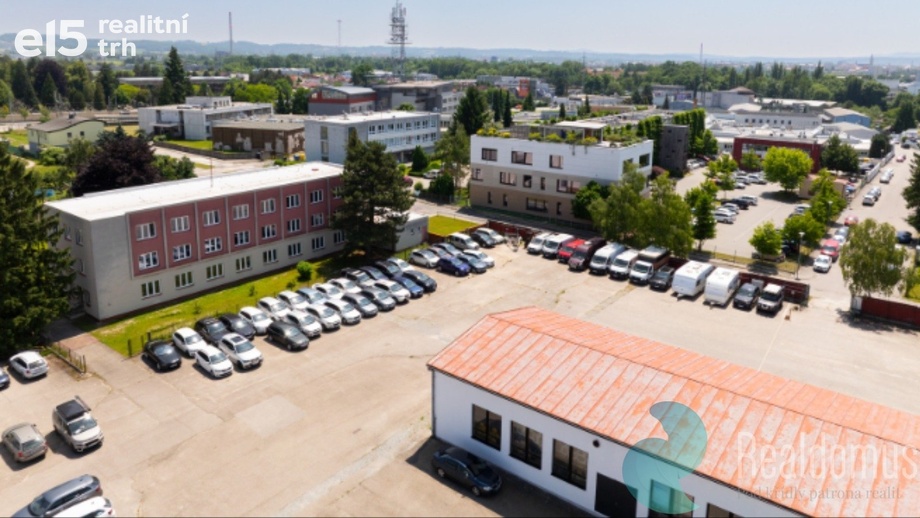 Pronájem kanceláře, 1 260 m² - České Budějovice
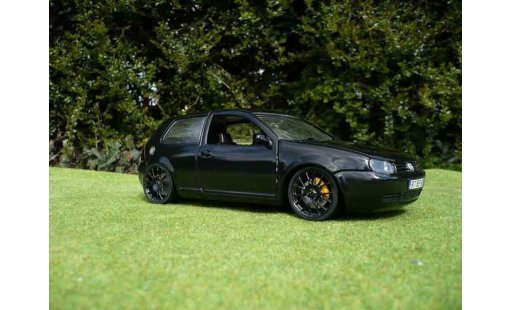 Volkswagen Golf GTI 1/18 Revell full black modellini auto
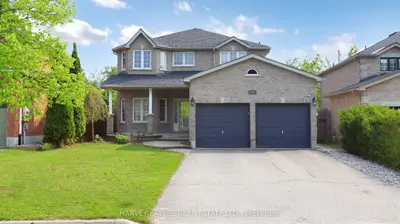 Detached in Barrie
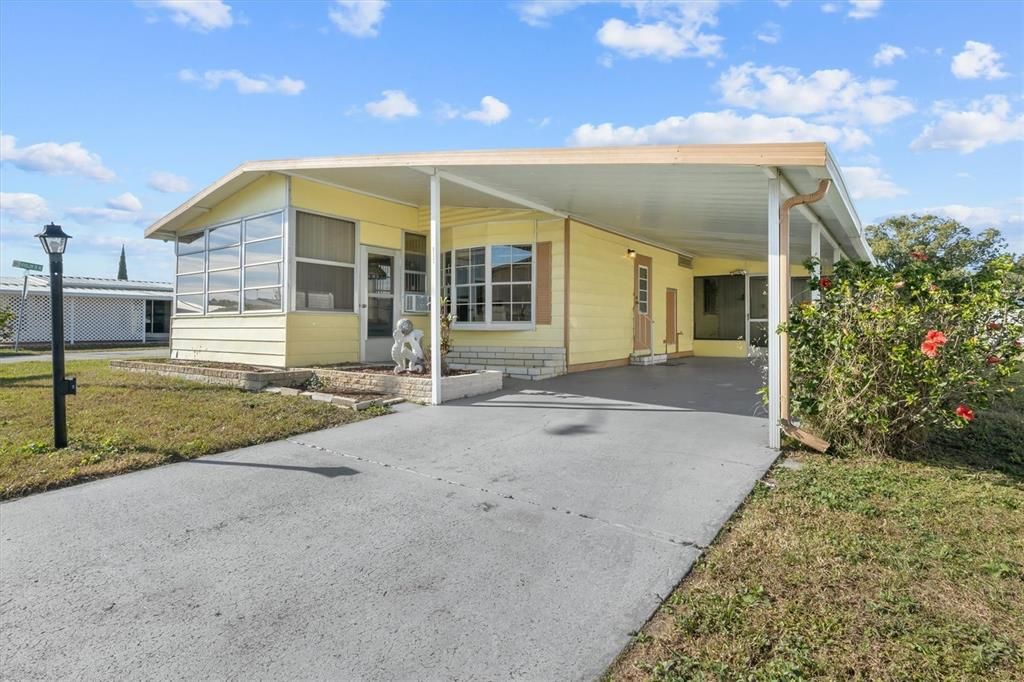 For Sale: $99,000 (2 beds, 2 baths, 782 Square Feet)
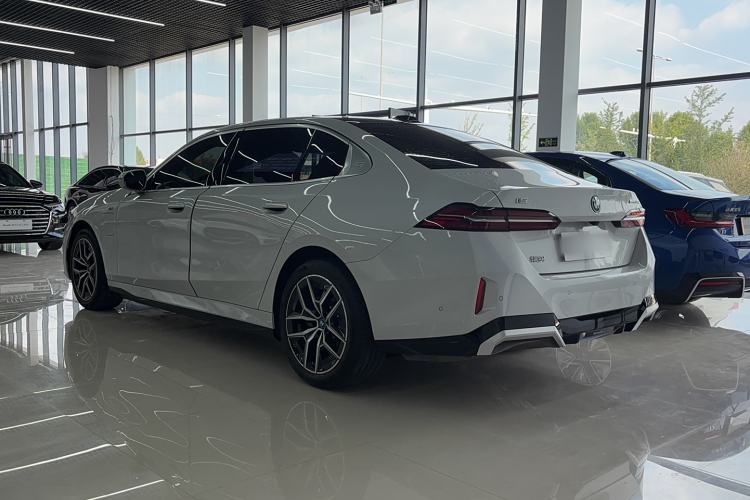 Used BMW i5 2024 eDrive 35L M Sport Package
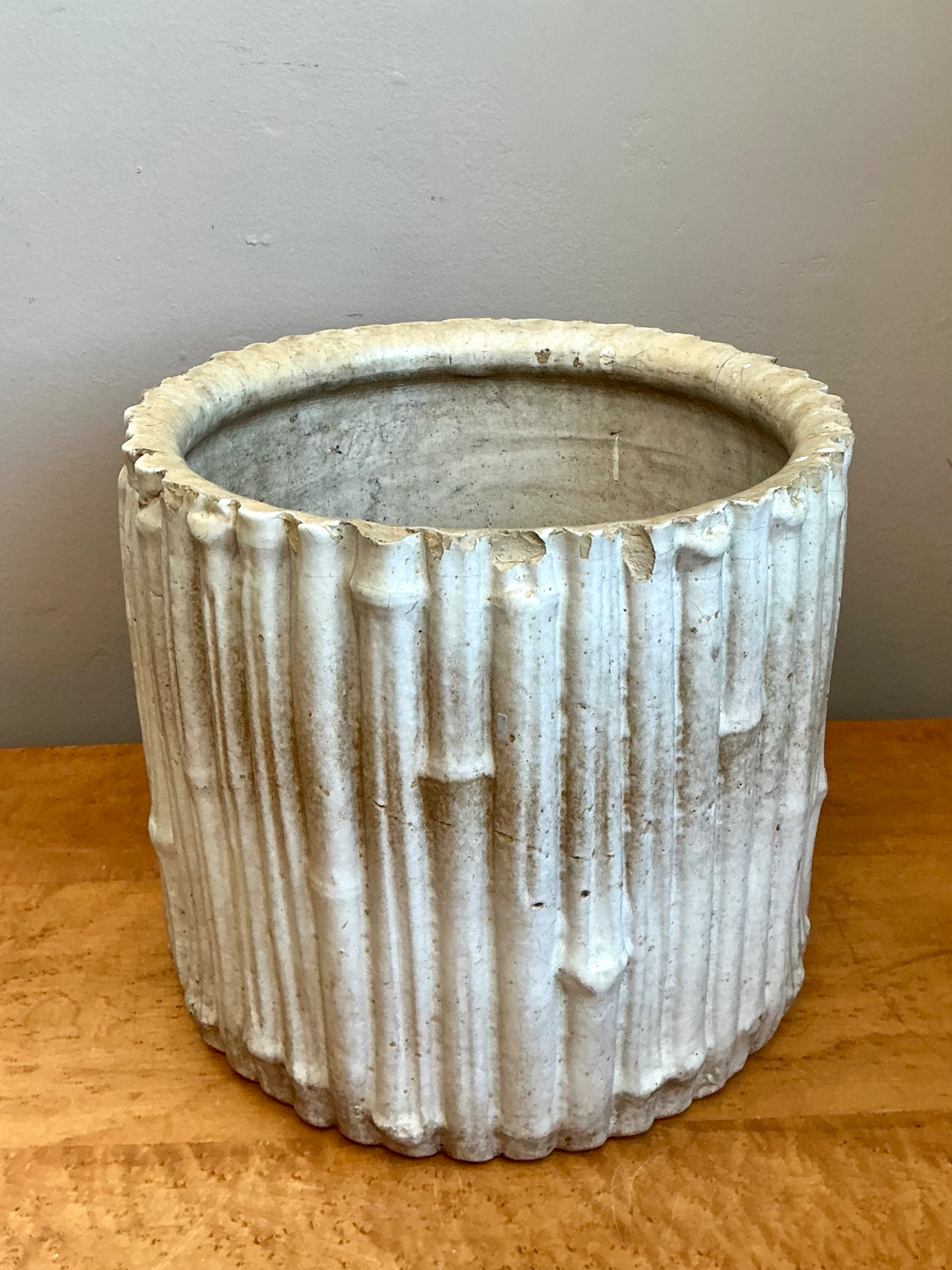 Vintage Faux Bamboo White Ceramic Pot - Detail view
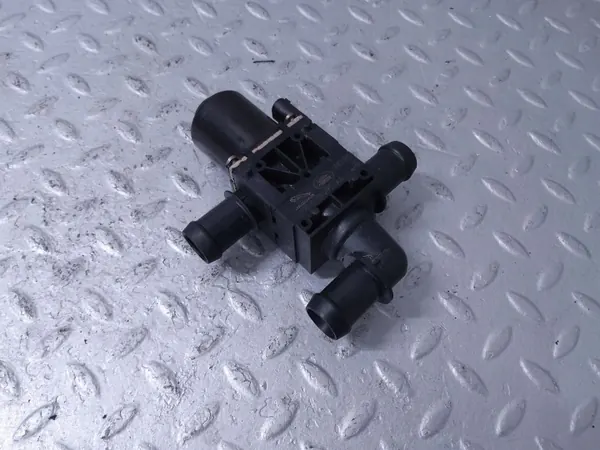Kühlmittelheizer Jaguar I-Pace OEM T4K1028 - Gebraucht image 6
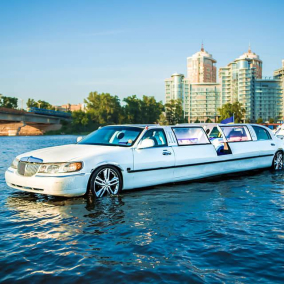 Потратил $30 тысяч: киевлянин создал водный лимузин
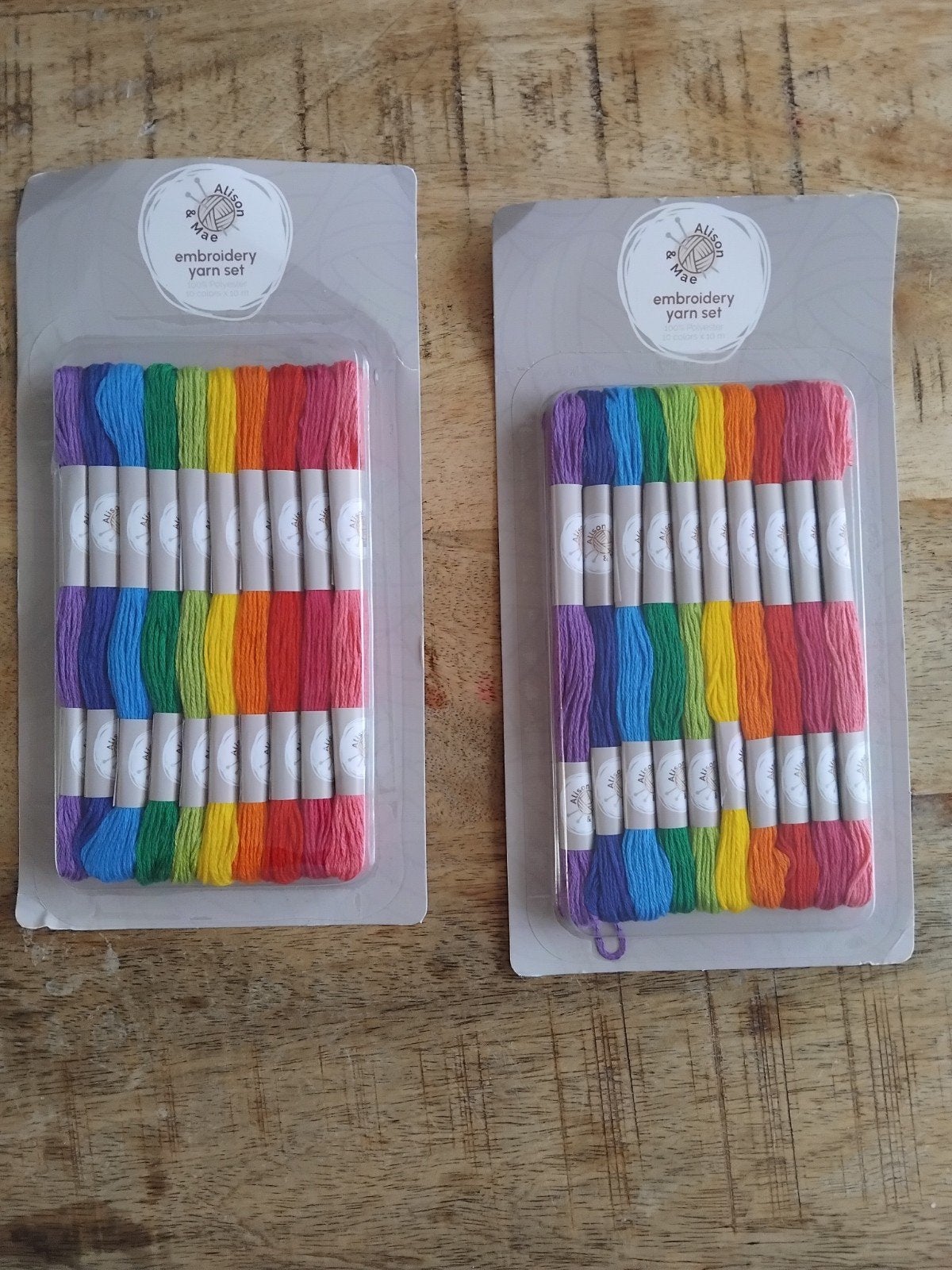 Borduurgaren set - Regenboogkleuren (2 stuks), Hobby en Vrije tijd, Ophalen, Nieuw, Handborduren, Borduurgaren of Zijde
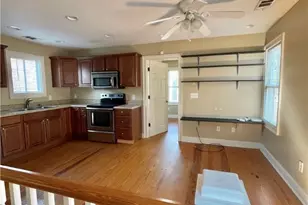 110 E Duffy St, Savannah, GA 31401 - Photo 4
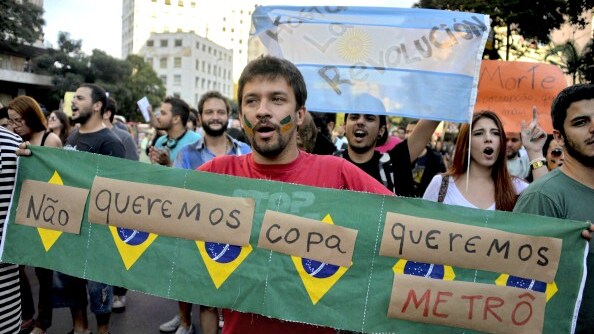 un'immagine di un manifestante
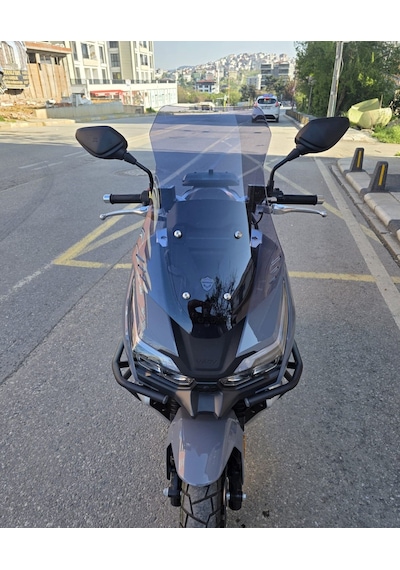 Motocam Rks Freccia Ön Cam 2022-2026 Model 55cm Füme Renkli 4mm Kısa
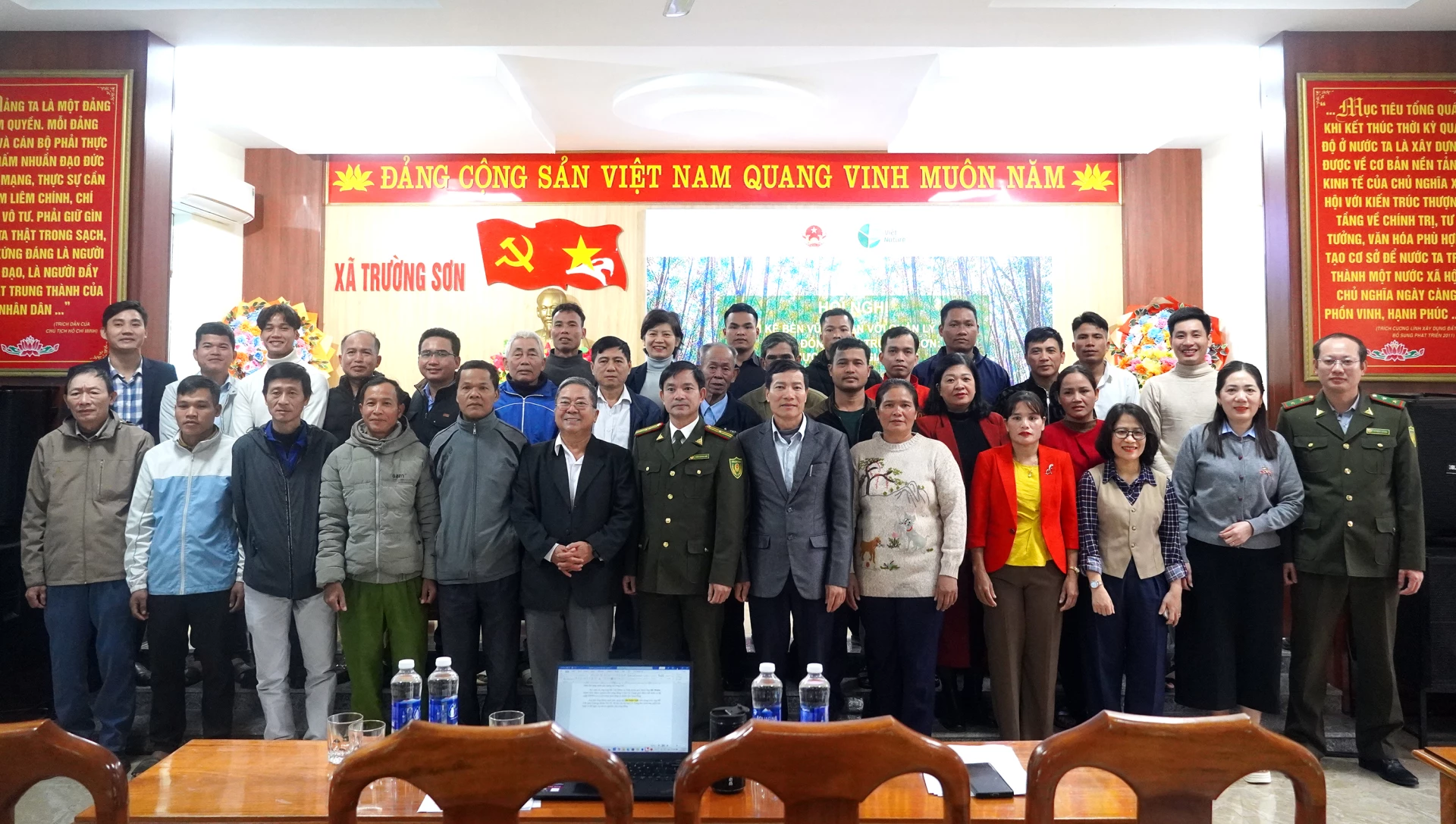 Đại biểu dự hội nghị chụp ảnh lưu niệm tại hội nghị - Ảnh: N.M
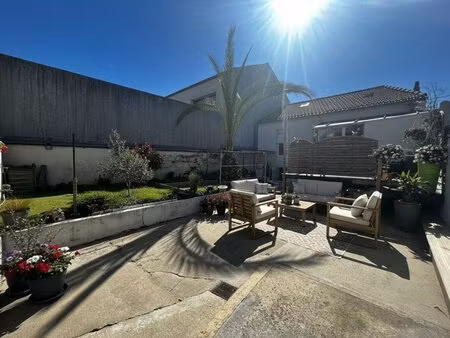 la rochelle maison avec terrasse  confortable aujourd'hui  modulable demain
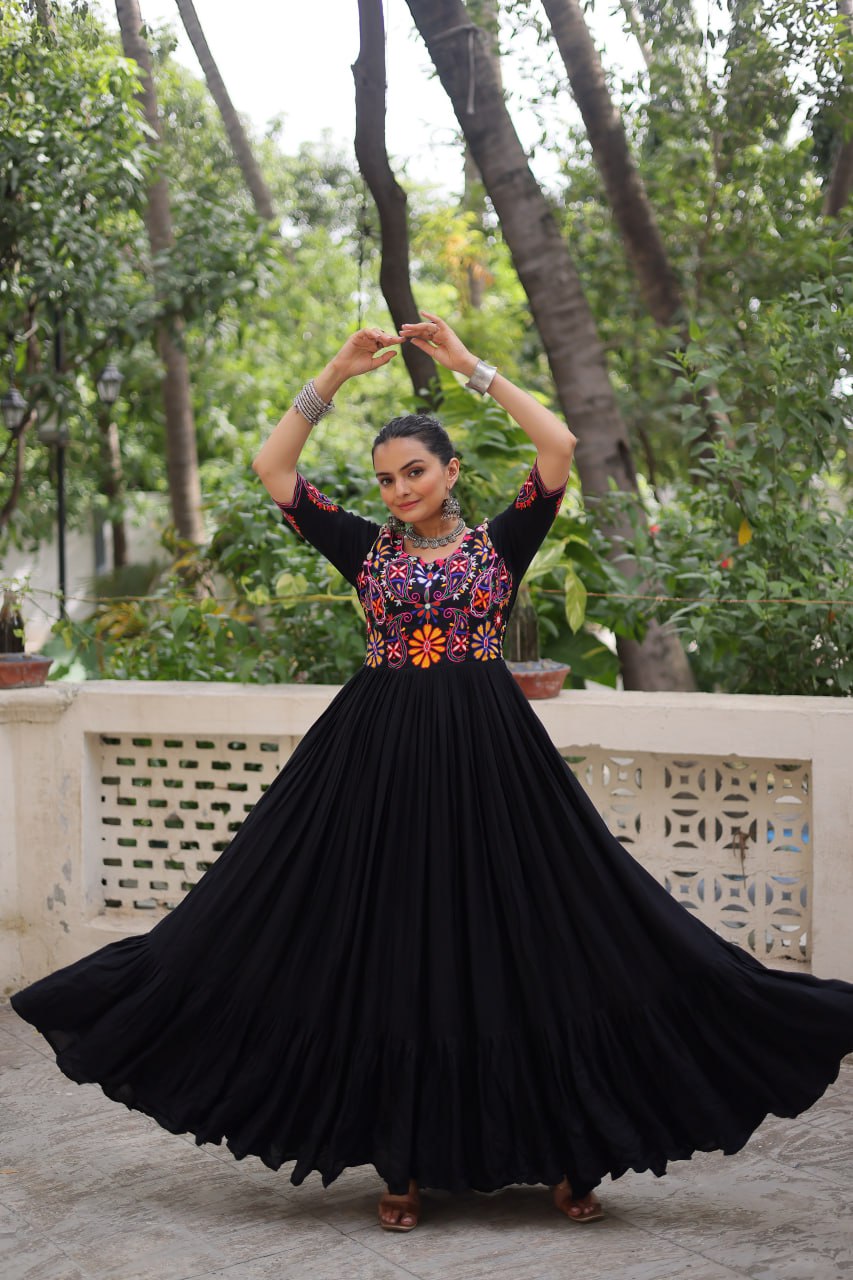 Black Reyon Kutchi Gamthi Embroidered Thread Work Navratri Gown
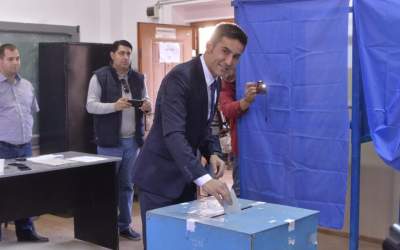 Manda: Nu vreau sa-mi pun...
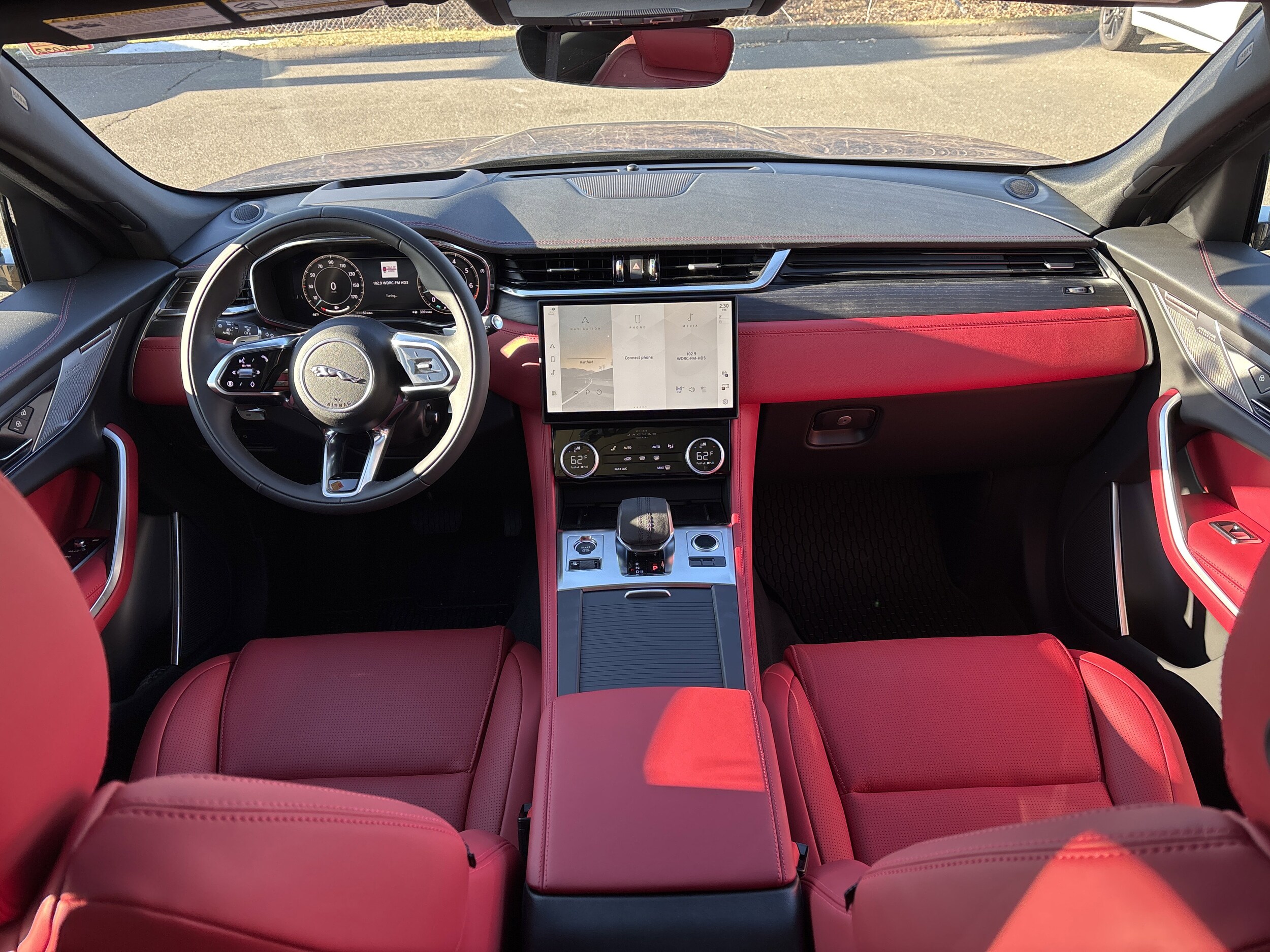 2026 Jaguar F-Pace R-Dynamic S - Photo 21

### Exercise
Where the line containing "Manda: Nu vreau sa-mi pun..." appears in the entries above, start there and set down every line exactly through the last one, inclusive; omit pictures.

### Solution for this exercise
 Manda: Nu vreau sa-mi pun...
 2026 Jaguar F-Pace R-Dynamic S - Photo 21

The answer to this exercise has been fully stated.